My half-shut eyelid—
a black wing.

I dipped sharp quills
in the night's mouth—

moths swarmed
from my throat.

I pulled a feather blanket
over my skeleton
and woke—

a map of America
flapping in the dark.

That's a cool beginning to a book of poems. I like how these highly imagistic lines advance a poetics of cartography. Janice Gould has written about the importance of maps for Native women poets, and Foerster's fine collection makes me wish her book would have been around for Gould to include in her essay. I'm thinking particularly of "Atlas," a short poem that comes near the end of Leaving Tulsa:

I have tried to erase you
but you are already blank.

I hang your dress
in the hot south wind.

Only a rustle
of crows in the trees

as far off, our atlas
curls over the ledge

like a little blue wave.

For those on a journey, maps are a necessity. Jefferson was obsessed with them. In fact, Taylor includes a poem about what would become the canonical map of Virginia. Some of the best contemporary American Indian poetry and painting confronts the troubling history of mapmaking in the United States. Maps, too, are a type of exclusionary document in need of reinvention.

Geography plays an unusually large role in these books, and Taylor, Dempster, and Foerster each include poems about California. As Bay Area poets concerned with land, topography, and the relationship between land and power, this seems fitting. For all three, California marks the end of something. For all three, California marks the beginning of something.

And, even though these books confront the past, they are ultimately about beginnings. All three explore how historical trauma can, many years later, facilitate personal identity formation. One way these poets advance this project is through distinguishing literary form. I have talked mostly here about what we have come to call "theme," a term I very much dislike, but, each of these poets makes poetic form a form of identity. Taylor with her multi-valenced voices, Foerster with her deep image lyricism, Dempster with his fragmented lines and dislocating syntax.

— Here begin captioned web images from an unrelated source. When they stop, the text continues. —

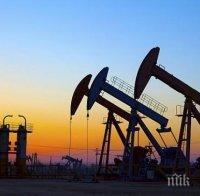 Търсенето на петрол отива към най-големия си срив в историята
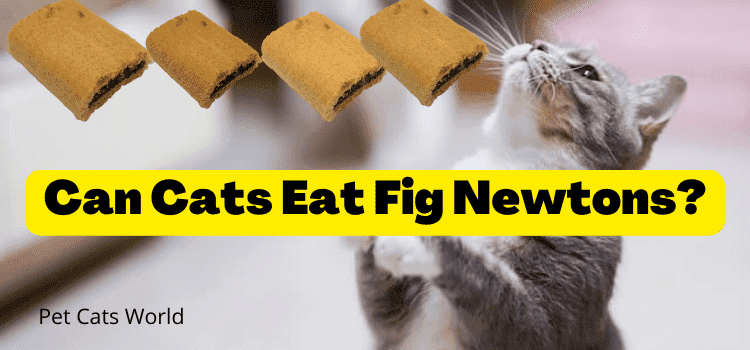 Can Cats Eat Fig Newtons?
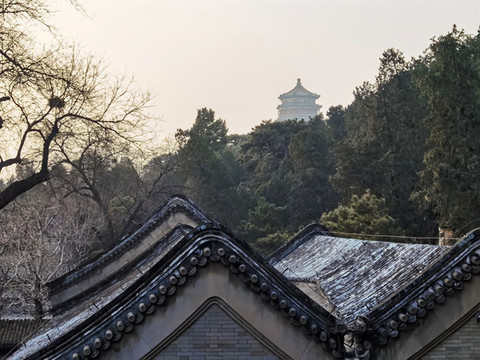 屋頂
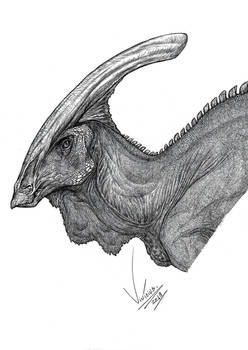 Charonosaurus jiayinensis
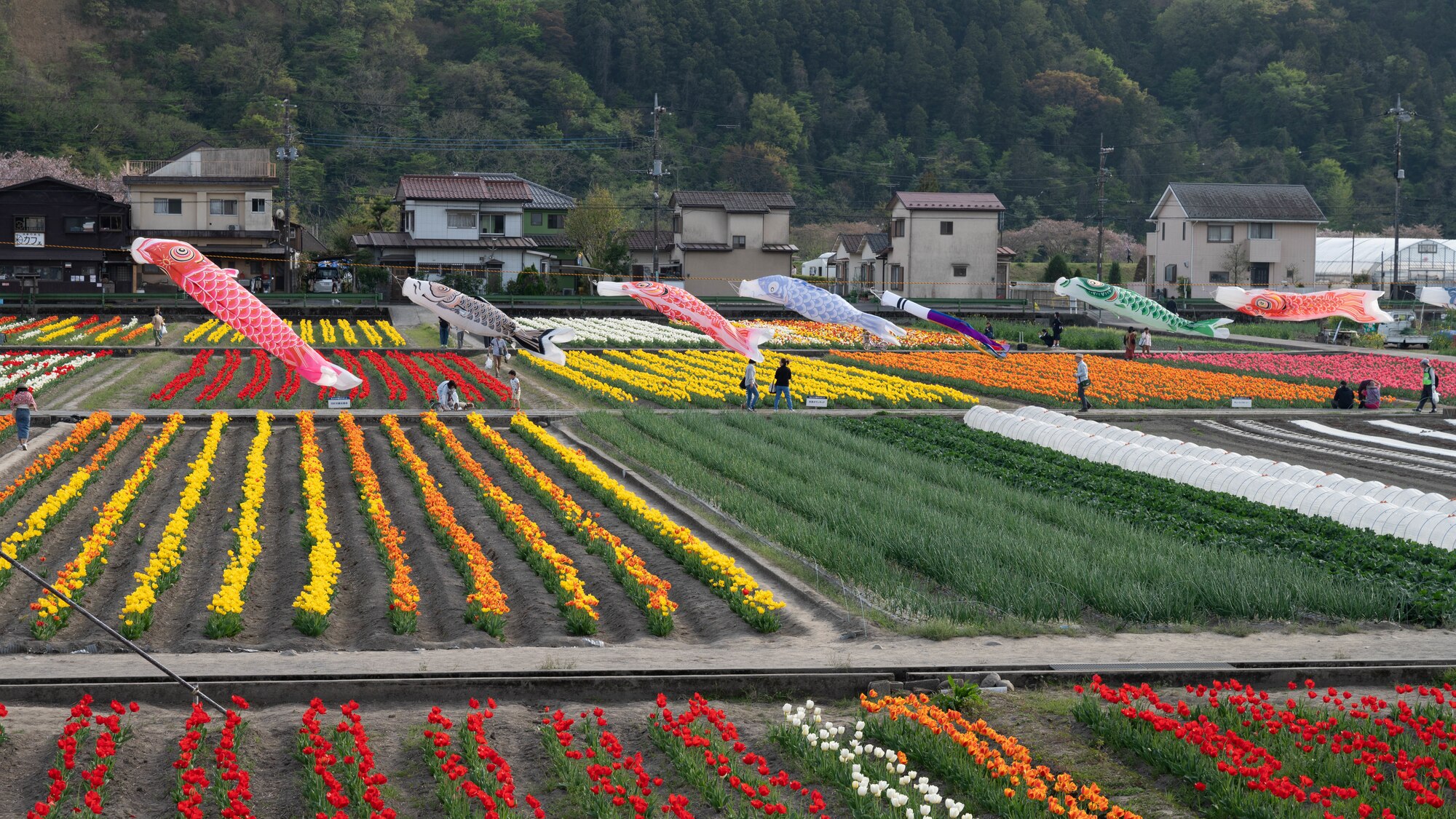 Carp streamers line fields of blooming tulips.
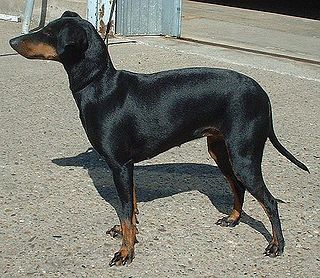 <span class="mw-page-title-main">Manchester Terrier</span> Dog breed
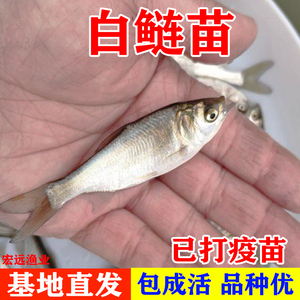 白鲢鱼苗跳鲢鱼苗鲢鱼苗淡水活体鱼苗白条鱼鲢鳙大头花鲢白鲢苗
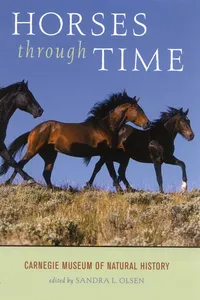 Horses through Time_cover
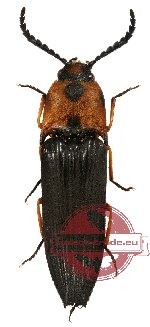 Elateridae sp. 21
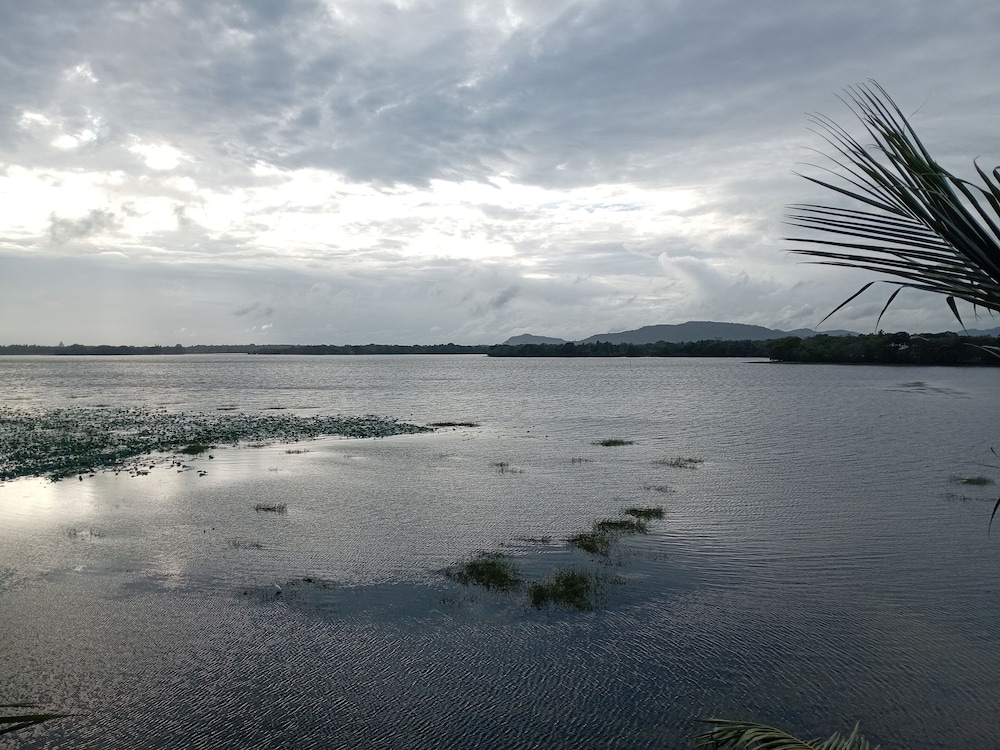 Yala Treetop Lake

Ezra Pound once described the epic as a "poem that contains history." For him history and the epic went hand-in-hand. In fact, the best epic poems don't just contain history--they create it. The epic's sweep, history's sweep are, for Pound, two sides of the same coin. But, the project of lyric poetry is different than that of the epic. Smaller, less narrative, more fragmented, more personal, the lyric's interrogative gestures, its personal pressures enable it to simultaneously deconstruct history while constructing the self. In so doing, these first books take an important step toward all kinds of new histories.